I have looked at the service disruptions of Let's Encrypt back at the end of 2017. Two years on, I had another look - and compared twelve months periods.
Let's Encrypt has been a new service that launched in mid-2016. One would naturally expect that first 12+ months were a bit bumpy as the technology, including the infrastructure, settles in. So I was curious how things changed since.
I used the same source as the first time - https://letsencrypt.status.io. The records seem to be fairly reliable. However, it appears that on several occasions the time of an incident starts when a report is received rather than the time potentially provided by the reporting party. I would not expect that to have a large impact but I wonder if there's a need for an independent uptime monitoring.

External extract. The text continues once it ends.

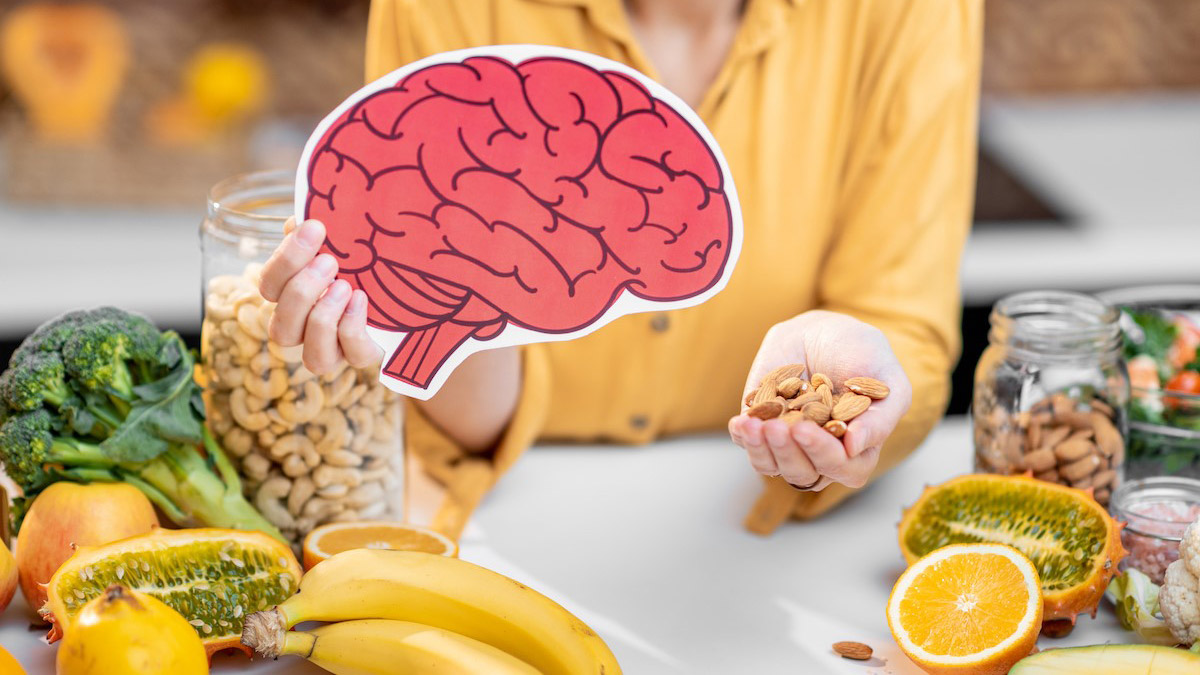 Beyin dostu gıdalar zihni geliştiriyor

A number of incidents are labeled as "partial" without any further information about the scale of the impact - does it mean longer latency but the provided services are still fully available, does it mean that a certain fraction of API calls fail or is the impact limited, e.g., geographically?

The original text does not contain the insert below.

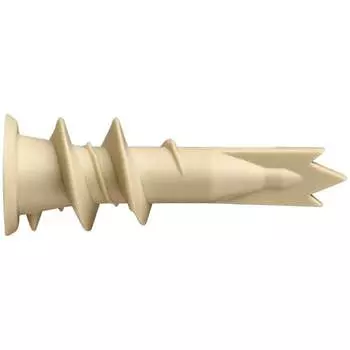 Усиленный анкер для двойного гипсокартона ЕВРОПАРТНЕР PBAM 14х39 (800 шт.) 76062259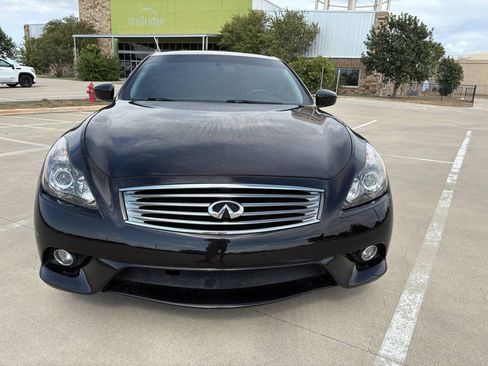 Used 2012 INFINITI G37 Convertible w/ Premium Pkg RWD image 9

The history of the Let's Encrypt status over the last 12 months (20 Nov 2018 to 20 Nov 2019) contains 95 records, from which 77 relate to the production services. I ignore non-core services, e.g., web site.
When you look at the Let's Encrypt status history, you will immediately notice a fairly large number of upgrades. There is in fact 46 Boulder upgrades, which sounds like an incredibly high number.
Figure: Planned upgrades of Let's Encrypt production services. Multiple upgrades per month are stacked.
As far as I could see, none of them caused any downtime and my main observation is that while the total number is surprisingly high, the team has certainly mastered the upgrade process and is able to quickly react to potential incidents. Below is a similar graph from 2017. While the number of upgrades is similar, it is clear that the time required for each upgrade as stabilised. Which means much better reliability of upgrades.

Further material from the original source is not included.